When nation-states start printing money to win the AI race, the hardest money on earth becomes the obvious escape hatch.

The Summary

  • Arthur Hayes predicts Bitcoin could surge past $126K as governments flood markets with liquidity to fund AI infrastructure and compete for technological supremacy
  • Hayes calls this "AI nationalism" — the geopolitical dynamic where countries treat AI development like nuclear weapons, pouring unlimited fiat into the race regardless of fiscal sanity
  • The thesis: unprecedented money printing to fund compute, chips, and energy infrastructure makes Bitcoin the inevitable beneficiary as investors flee currency debasement

The Signal

Hayes isn't talking about another venture-funded boom.

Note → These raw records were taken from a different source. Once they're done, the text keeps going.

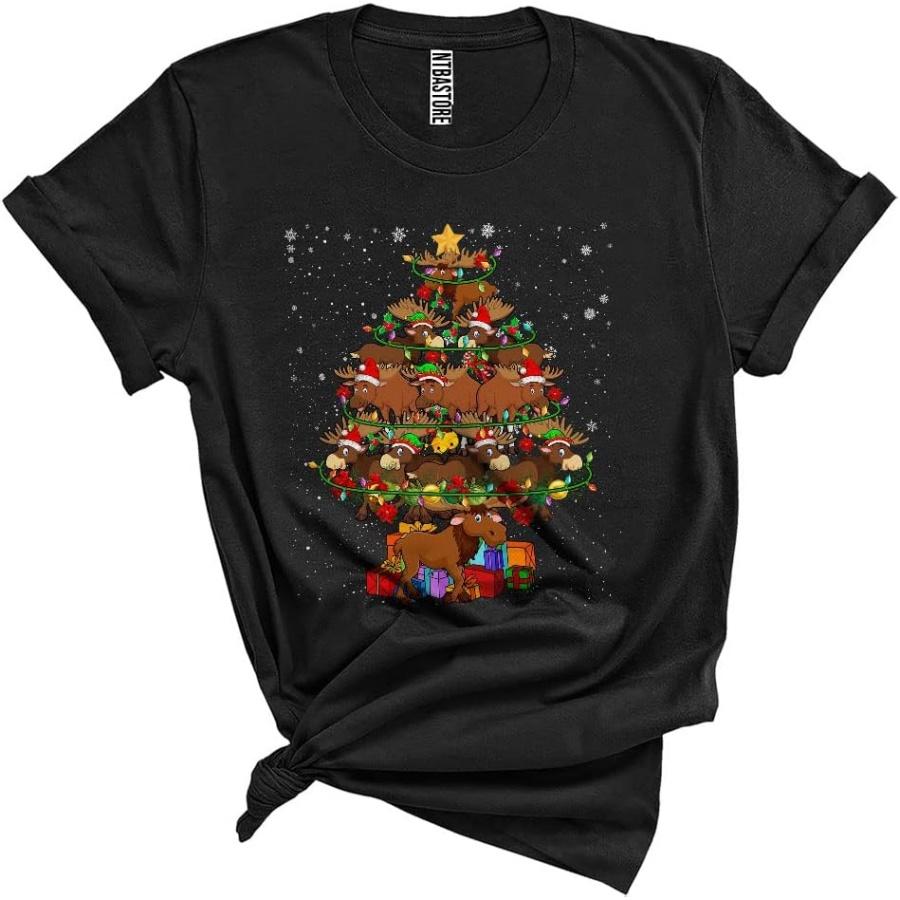 Santa ELF Reindeer Moose Christmas Tree Funny Cute Xmas Lights Christmas Moose Animal Lover Unisex T-Shirt Black XXXXXL чёрный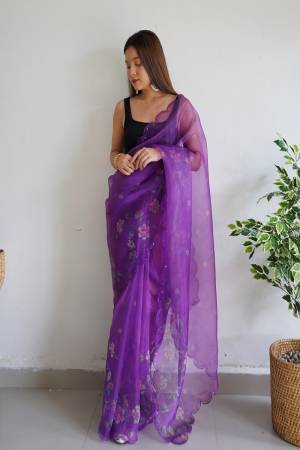 Attrective Looking These Party Wear Saree in Fine Colored.These Saree Are Organza And Blouse is Fabricated On Art Silk.Its Beautified With Designer Digital Printed,Sequance Aari Work Cut Work.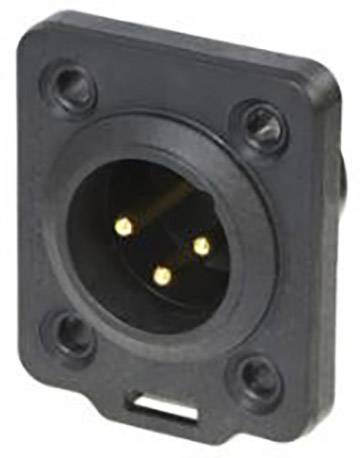 Black panel socket for XLR cables with three gold-plated contacts and four mounting holes.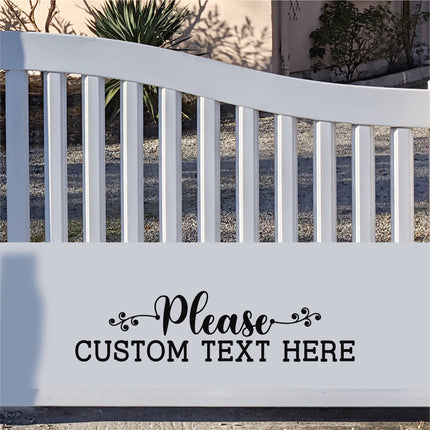 CUSTOM Scroll Vine Please Custom Text Here Vinyl Decal/Sticker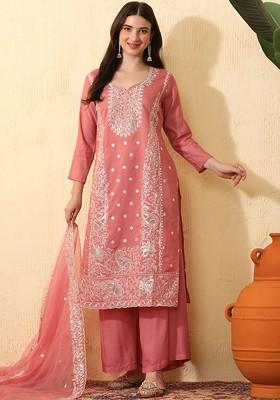 Peach Embroidered Blended Kurta Set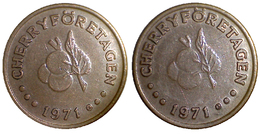 05324 GETTONE TOKEN JETON FICHA DENMARK CASINO SLOT GAMING CHERRY FORETAGEN 1971 COPPER - Casino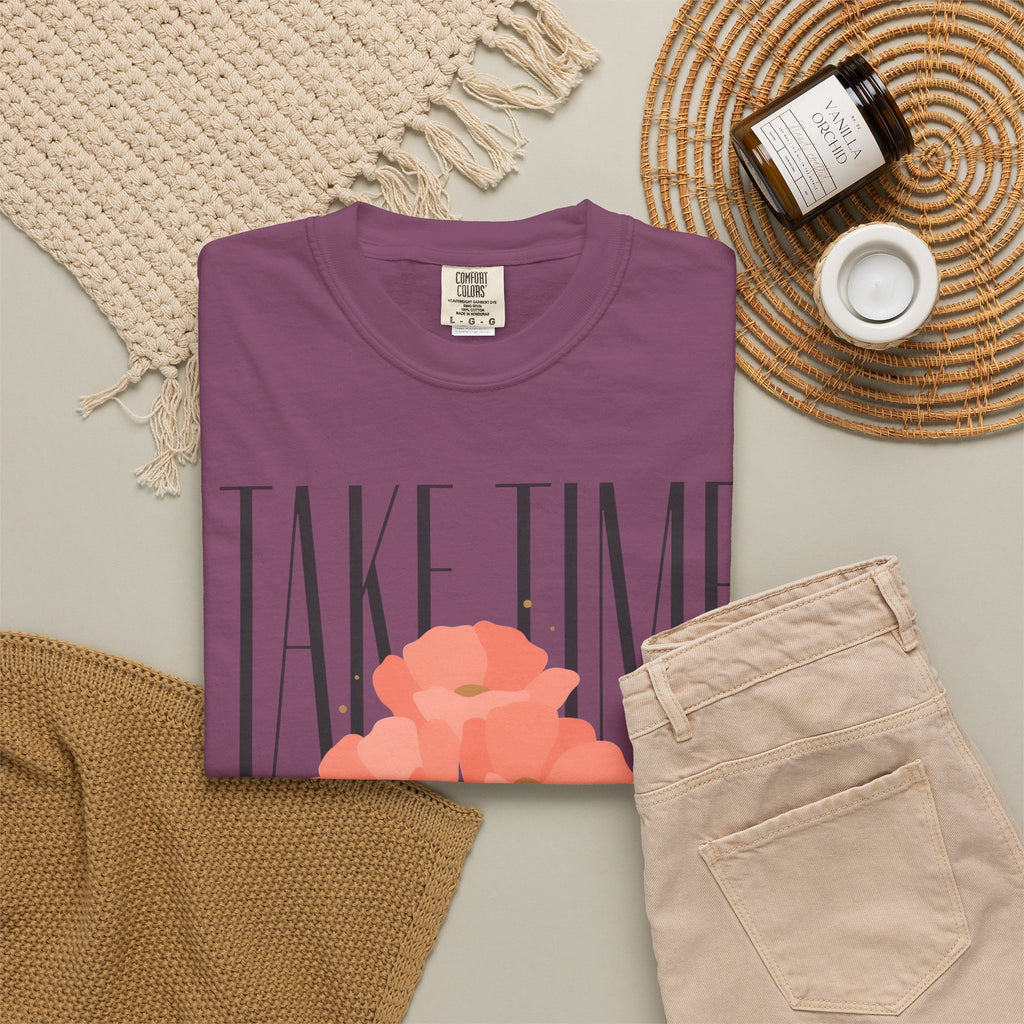 T-Shirt — "Take Time to Pray" Floral Christian Tee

He's pointing to something structural: governments realizing that AI superiority might matter more than balanced budgets. When the U.S., China, and Europe all decide they can't afford to lose the AI race, fiscal discipline becomes a relic. The money printer goes into overdrive, not for bailouts or stimulus, but for dominance.

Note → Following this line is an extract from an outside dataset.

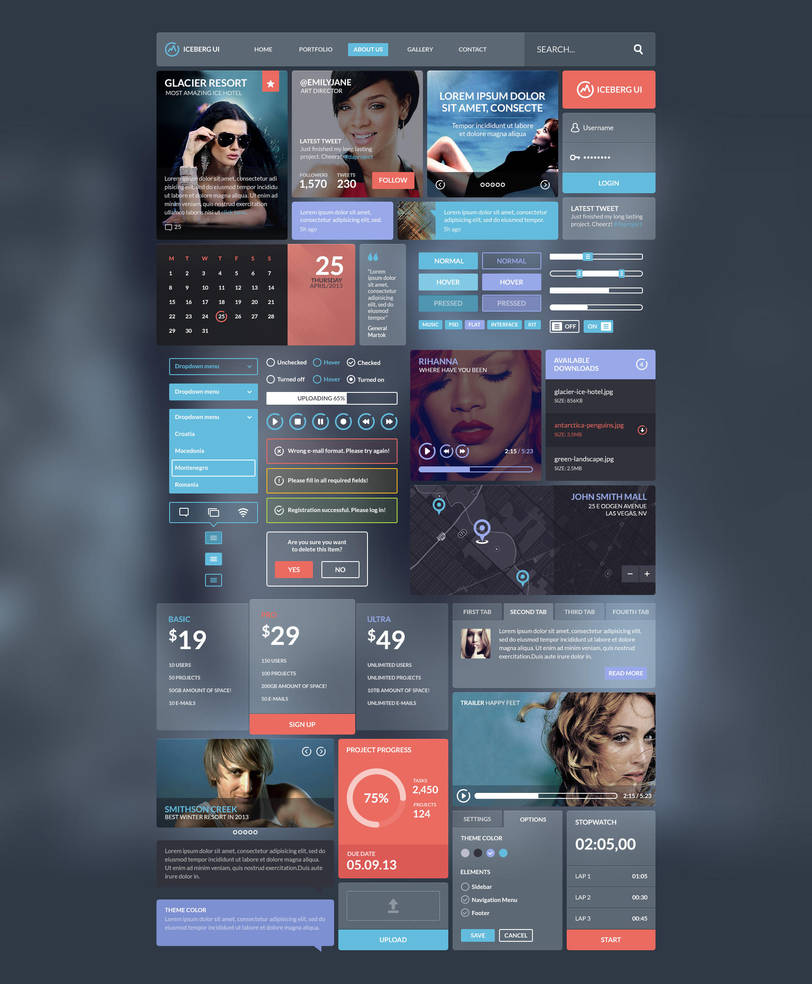 Iceberg UI Kit - The Basics by PixelKitCom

This creates what Hayes describes as history's biggest liquidity bubble. Not because AI is overvalued, necessarily, but because the competition to build it forces capital creation at a scale we haven't seen. Every country needs chip fabs, power plants, data centers. The infrastructure spend alone dwarfs previous tech buildouts.

"AI nationalism treats technological supremacy as existential, not optional."

The mechanism is straightforward:

  • Governments issue debt to fund AI infrastructure
  • Central banks accommodate with liquidity injections
  • Fiat supply expands while Bitcoin's 21 million cap stays fixed
  • Smart money flows into the hardest asset available

Hayes positions Bitcoin as the direct hedge against this dynamic. Not because Bitcoin competes with AI, but because it's the only major asset that can't be diluted when treasuries start writing checks with no intention of ever balancing the books. The $126K target isn't pulled from technical analysis. It's Hayes extrapolating what happens when AI spending becomes a national security imperative and monetary discipline becomes a casualty.

The Implication

If Hayes is right, the next Bitcoin bull run won't be driven by retail FOMO or institutional adoption narratives. It'll be driven by macro: watching governments abandon fiscal restraint to win the agent economy. For holders, that means the thesis shifts from "will institutions buy" to "can anyone afford not to own the inflation hedge." For policymakers, it means the AI race might force monetary decisions that make 2020 stimulus look restrained.

Watch central bank balance sheets and sovereign AI spending announcements. If those numbers keep climbing while Bitcoin's issuance keeps halving, Hayes's $126K stops sounding like hopium and starts sounding like math.